FIGURE 4Comparison of structural characteristics of variants in IndiGen and Humsavar data: (A) Solvent accessibility for the variants in both datasets. (B) Secondary structure in which each of the variants occurs in both datasets. (C) Conservation score and ΔHydrophobicity distribution of variants in Humsavar and IndiGen data. (D) The area under the curve present on the left of −2 (ΔHydrophobicity) belongs to the percentage of residues for which a significant increase in hydrophobicity after the mutation was observed while a decrease in hydrophobicity was observed the for percentage of residue present on the right of +2 on X-axis. (E) Alluvial plot representing a change in folding energy (in kcal/mol) (δ δ G) and vibrational entropy by Dynamut energy for 22 variants. (F) Sunburn Plot representing secondary structure assignment done by DSSP for mutant residues. (G) A circle packing plot is showing relative solvent accessibility of mutated residues of 22 variants corresponding to 12 proteins calculated using Naccess. (H) HBPLUS results showing the number of hydrogen bonds made by mutated residue before mutation (green -bar), after mutation (blue-bar), and ΔH-bonds (yellow bars).
FIGURE 5(A) Bar plot showing docking results for 45 protein-drug pairs on the x-axis and change in binding affinity observed on the y-axis.
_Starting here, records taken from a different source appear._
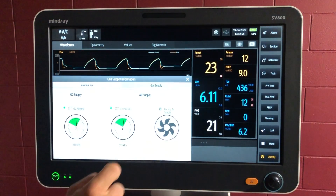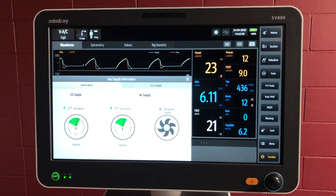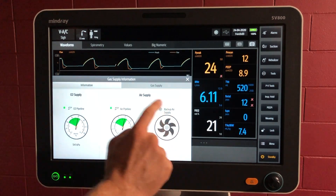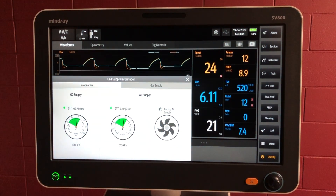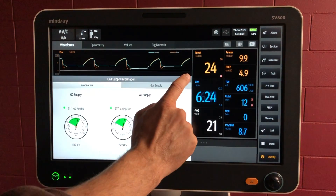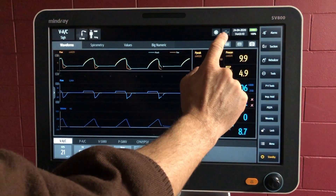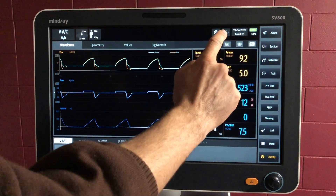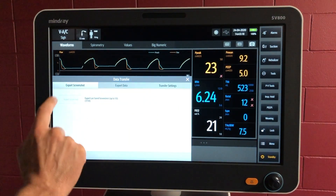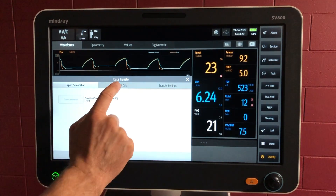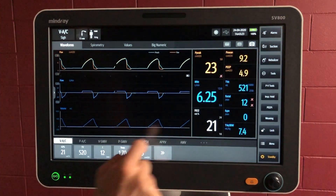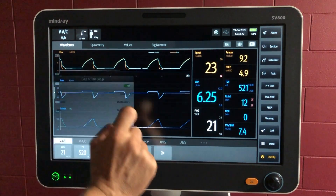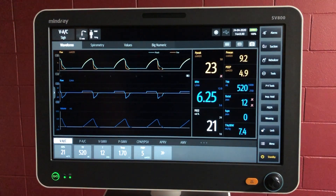Here's the gas supply information. We've got oxygen — good supply. Air — good supply. And if you have a backup supply on the ventilator, for example a little compressor, that will also show there as well. Here's your USB — it's not enabled at the moment as I don't have a USB stick plugged in at the back, but if I did it would show there, and we could export the screenshot we just took or export some data. Here's the time if you need to change anything, and the battery's sitting at 100%, which is great.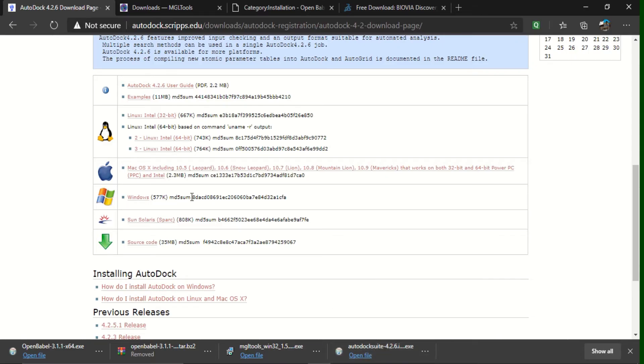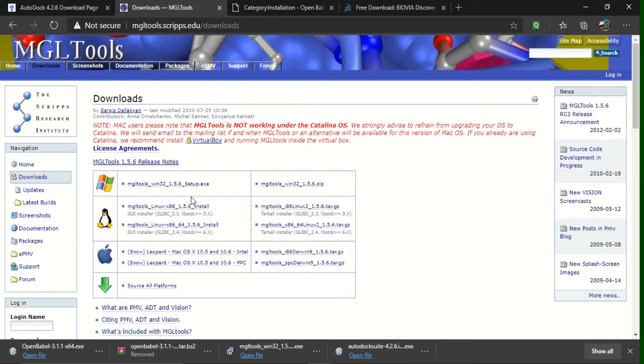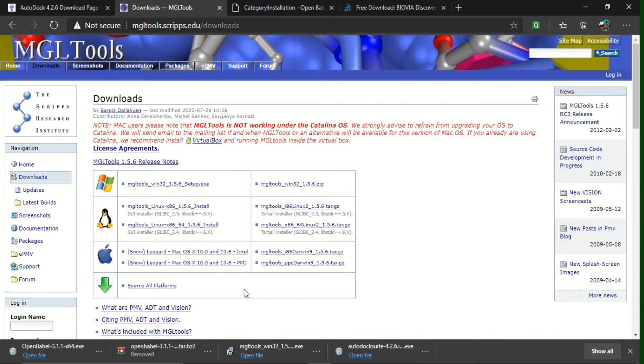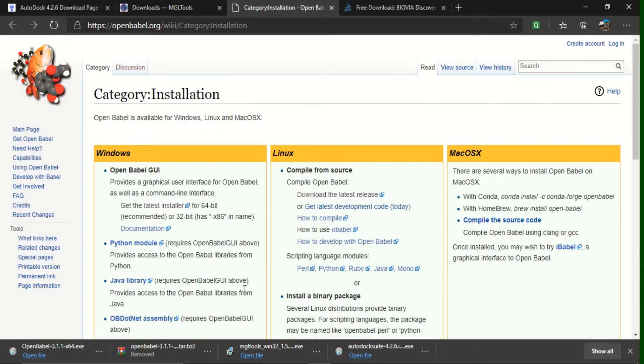And next, coming to MGL Tools. MGL Tools, also I have downloaded this Windows version, what you can see it here.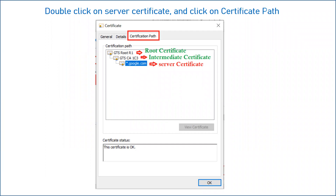Once you double-click on that certificate, it will show you three different tabs. Click on the 'Certification Path' tab. Once you click on it, it will show the complete chain of certificates — that means you will have three certificates: one is your server certificate (also called SSL certificate), your intermediate certificate, and your root certificate. The topmost is GTS Root R1, which is your root certificate. Below that is GTSCA1C3, which is the intermediate certificate existing between the server and root. And third is star.google.com, which is the server certificate you just downloaded.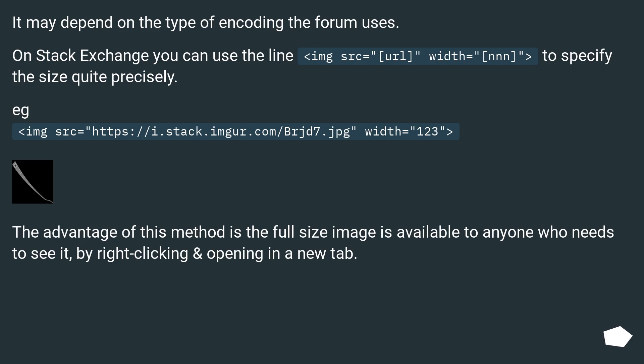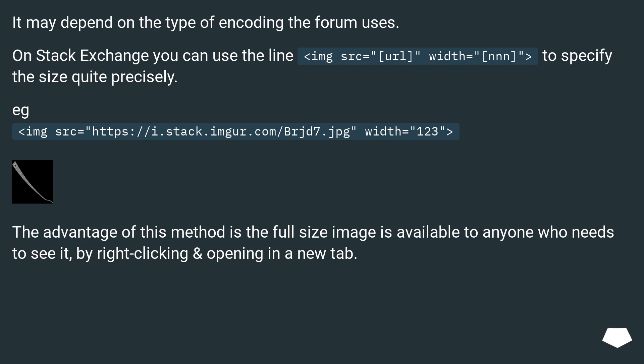It may depend on the type of encoding the forum uses. On Stack Exchange you can use the line <img src="[url]" width="[nnn]"> to specify the size quite precisely. For example: <img src="https://i.stack.imgur.com/Brjd7.jpg" width="123">.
Red bars represent a decrease in binding affinity and green bars represent an increase in binding affinity after mutation. (B) Ligand interaction diagram of native 6GQ7 (PIK3CG gene) bound to Zinc Sulfate (DB09322) .(C) Ligand interaction diagram of mutant T857A of PIK3CG gene (PDB ID 6GQ7) bound to Zinc Sulfate (DB09322) and main binding pocket (grey colour) where the majority of ligands were docked. (D) An alluvial plot with showing association of genes, variants, and diseases, where the thickness of the variant-disease line is proportional to the VDA score obtained from DisGeNET.
FIGURE 6(A) Heatmap showing pairwise ligand dissimilarity using MACCS fingerprints. (B) Heatmap showing ligand similarity using MACCS fingerprints. (C) Ligand dissimilarity using Morgan fingerprints. (D) Heatmap showing ligand similarity using Morgan fingerprints. Similarity and dissimilarity (1-similarity) score is represented using the Tanimoto coefficient (taking a value between 0 and 1, with 1 corresponding to maximum similarity).